Task statement:
Please write out exactly the lines from the one with "Светильник светодиодный линейный" through the end of the data below, both ends included, and omit any pictures.

Provided data:
==============================

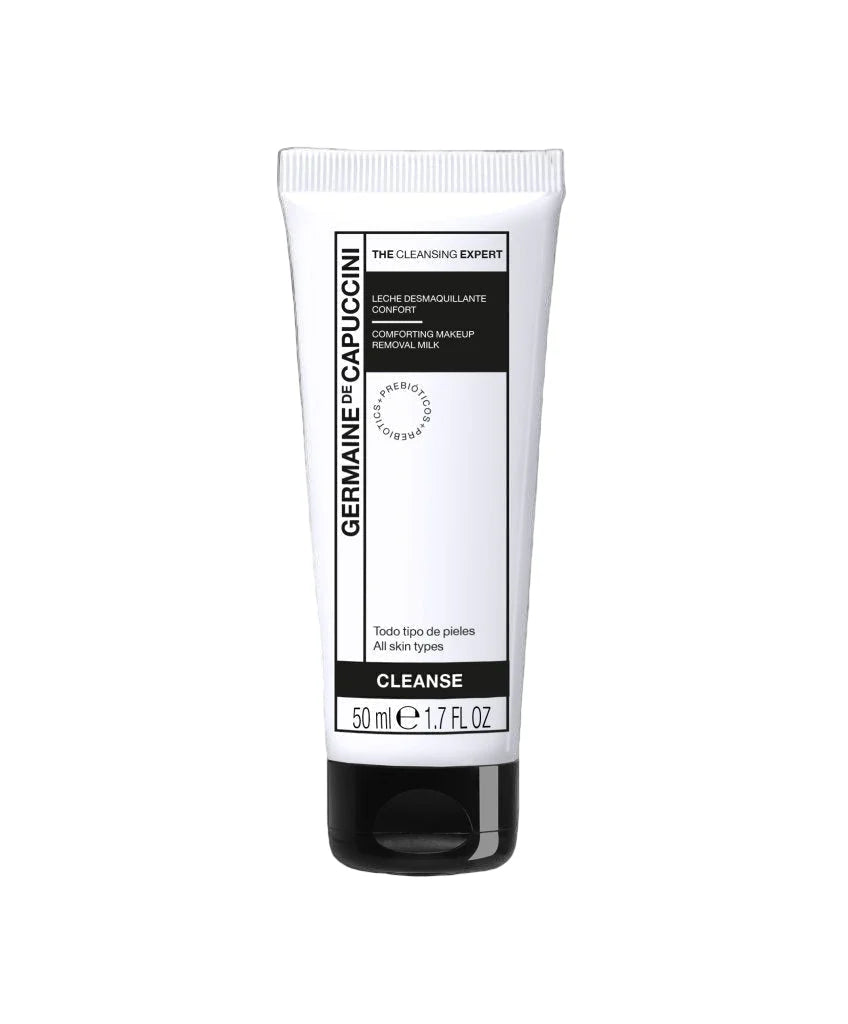 Mini Comforting Makeup Removal Milk 50ml
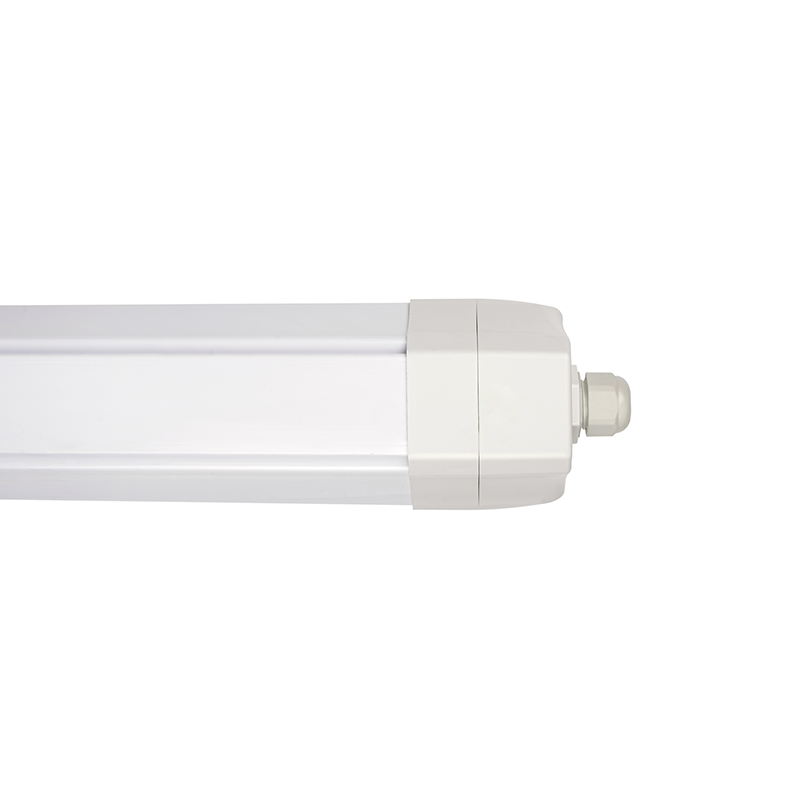 Светильник светодиодный линейный PWP-C6  PRO 1500 50w 4000K 6000Lm  IP65 с возм соед в конструкцию  | .5049062 | Jazzway — миниатюра 5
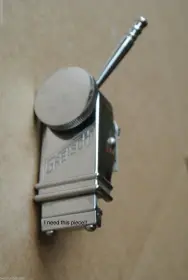 Need part for Gretsch Microsensitive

==============================

Task response:
 Светильник светодиодный линейный PWP-C6  PRO 1500 50w 4000K 6000Lm  IP65 с возм соед в конструкцию  | .5049062 | Jazzway — миниатюра 5
 Need part for Gretsch Microsensitive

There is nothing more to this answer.